Reported crimes in Pine Bluff are down almost 15 percent through the first nine months of this year as compared with a year ago, according to Police Chief Jeff Hubanks.
During the monthly meeting of the city council’s Public Safety Committee, Hubanks said both Part One crimes (Crimes Against Persons) and Part Two crimes (Crimes Against Property) are less than the same period a year ago, producing a total reduction of 14.85 percent.
“I’m proud of these numbers and more proud of the police officers and the hard work they’re doing,” Hubanks said. “It’s not a big number and I think you will see a departure from that as we get farther and get to that 21 or 22 percent reduction I think we’re going to have.”
Asked by senior Alderman Bill Brumett if the 2012 numbers were correct, Hubanks said department officials have corrected some of them.
Shortly after he took over, Hubanks said the 2012 numbers were incorrect because of a number of factors. He said Monday the biggest changes are in the number of thefts and burglaries. Under the old reporting system, a burglary was counted as a burglary, a theft and possibly criminal mischief if there was damage involved. Now, that burglary is counted only as a burglary.
“Anybody who doubts these numbers can bring their flash drive and plug it in to the server and they can have everything except the juvenile and sexual assault cases,” Hubanks said.
Looking at specific categories, there have been 24 fewer commercial burglaries reported through Sept. 30 of this year than there were last year. Residential burglaries increased by 10 for the same period, while reported thefts dropped by a total of 480 incidents. Auto thefts increased from 148 in 2012 to 171 in 2013, a jump of 23.
In terms of crimes against persons, there have been 100 robberies reported so far this year, ix more than for the same period in 2012. Aggravated assaults decreased from 341 in 2012 to 302 this year, and simple assaults showed a decrease of 328 compared with 2012.
Reported rapes and attempted rapes increased from 34 in the first nine months of 2012 to 51 so far this year.
Asked by Alderman Wayne Easterly about that increase, Hubanks said there is a lot more public awareness now than there has been in the past, and that is a factor.
“We’ve also changed the way we respond to those calls,” he said. “The Arkansas State Police has a crew of civilians who are trained to interview child victims and they are very good. For several years, we’ve used their interviews instead of going back and doing our own.”
Hubanks said school programs emphasizing things like “good touch — bad touch” have also played a factor.

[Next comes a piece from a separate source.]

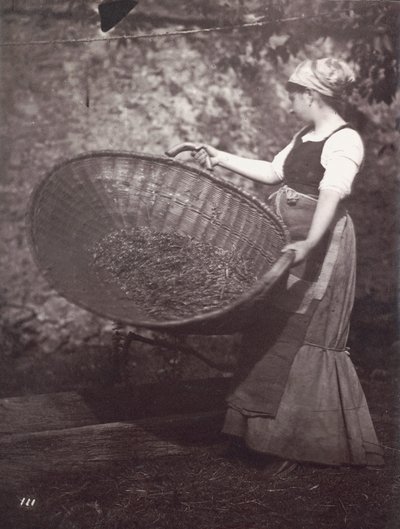 Female Peasant with Winnowing Basket by Unknown artist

“The services available now are no comparison to what they were 20 years ago,” he said. “The Prosecuting Attorney’s Office has a sexual assault coordinator who goes out and talks to victims. Awareness is way up but there’s always a need for more.”
On another subject, Hubanks said officers will soon be concentrating more on enforcing city ordinances, as soon as new ticket books are printed up.
“Those fines are lower than the state fines and if I’m not mistaken, we (the city) gets to keep most all of the money,” he said. “That way we’re not funding some state trooper’s retirement in Northwest Arkansas.”
A portion of the fines levied in district court go into the state police retirement system.